Sprawa "piątki z Hajnówki". Gdzie jest logika? 

Akt oskarżenia to efekt dwuletniego śledztwa, które miało na celu udowodnienie, że ci, którzy podali głodnym jedzenie i dali zmarzniętym schronienie, są przestępcami – informuje Helsińska Fundacja Praw Człowieka.

Początkowo wolontariuszy oskarżano o pomoc w nielegalnym przekroczeniu granicy, jednak sądy już wtedy uznały absurdalność tych zarzutów i odrzuciły wnioski prokuratury o ich aresztowanie. Teraz zarzuty zostały zmienione: aktywiści mieli rzekomo „ułatwiać nielegalny pobyt” cudzoziemcom.

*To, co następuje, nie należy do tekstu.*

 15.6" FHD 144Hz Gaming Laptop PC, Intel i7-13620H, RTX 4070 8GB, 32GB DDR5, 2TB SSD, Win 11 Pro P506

Nie byłoby w tym nic zaskakującego, gdyby nie fakt, że zgodnie z Kodeksem karnym, przestępstwo to może być popełnione wyłącznie w celu osiągnięcia korzyści majątkowej lub osobistej

Jaka korzyść płynie z podania drugiemu człowiekowi kubka gorącej herbaty? Jaka korzyść wynika z odwiezienia wycieńczonych ludzi kilkanaście kilometrów dalej, by mogli się ogrzać?

Rządzący w walce z „przestępstwem” dobroci

Sprawa tych pięciu osób jest jaskrawym przykładem tego, że obecne władze stosują strategię zastraszania i nękania tych, którzy nie godzą się na ich politykę wobec migrantów. Władza, która od lat buduje swoją narrację na strachu przed uchodźcami, nie może pozwolić na to, by społeczeństwo zobaczyło w nich ludzi, a nie zagrożenie.

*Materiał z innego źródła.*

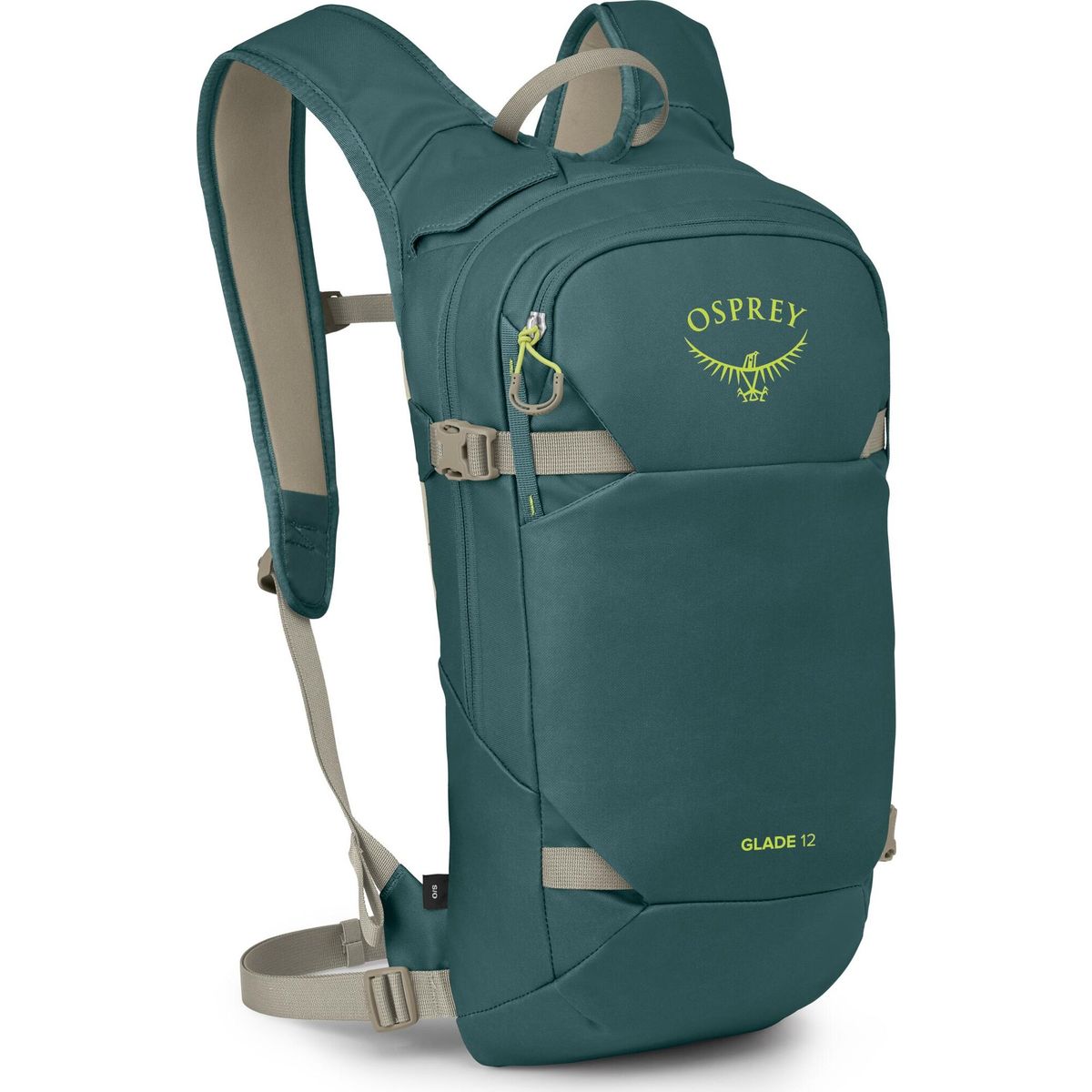 Osprey Glade 12 cascade blue (1043) OS 10006896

„Trudno było mi uwierzyć, o co jestem oskarżana, nie sądziłam, że istnieje taki przepis, który mówi, że przekazanie drugiej osobie jedzenia, picia, ubrań i lekarstw jest karalne” – mówi jedna z oskarżonych mieszkanek Podlasia.

Tymczasem rządzący, którzy wydali miliardy złotych na budowę muru na granicy, nie potrafili skutecznie walczyć z przemytnikami ludzi. Nie powstrzymali fal migracji, ale stworzyli na granicy prawdziwą strefę śmierci – miejsce, w którym umierają wycieńczeni ludzie, bo władza uznała, że humanitaryzm jest niebezpieczny – tak obecną sytuację na granicy najczęściej opisują osoby zaangażowane w niesienie pomocy na granicy. 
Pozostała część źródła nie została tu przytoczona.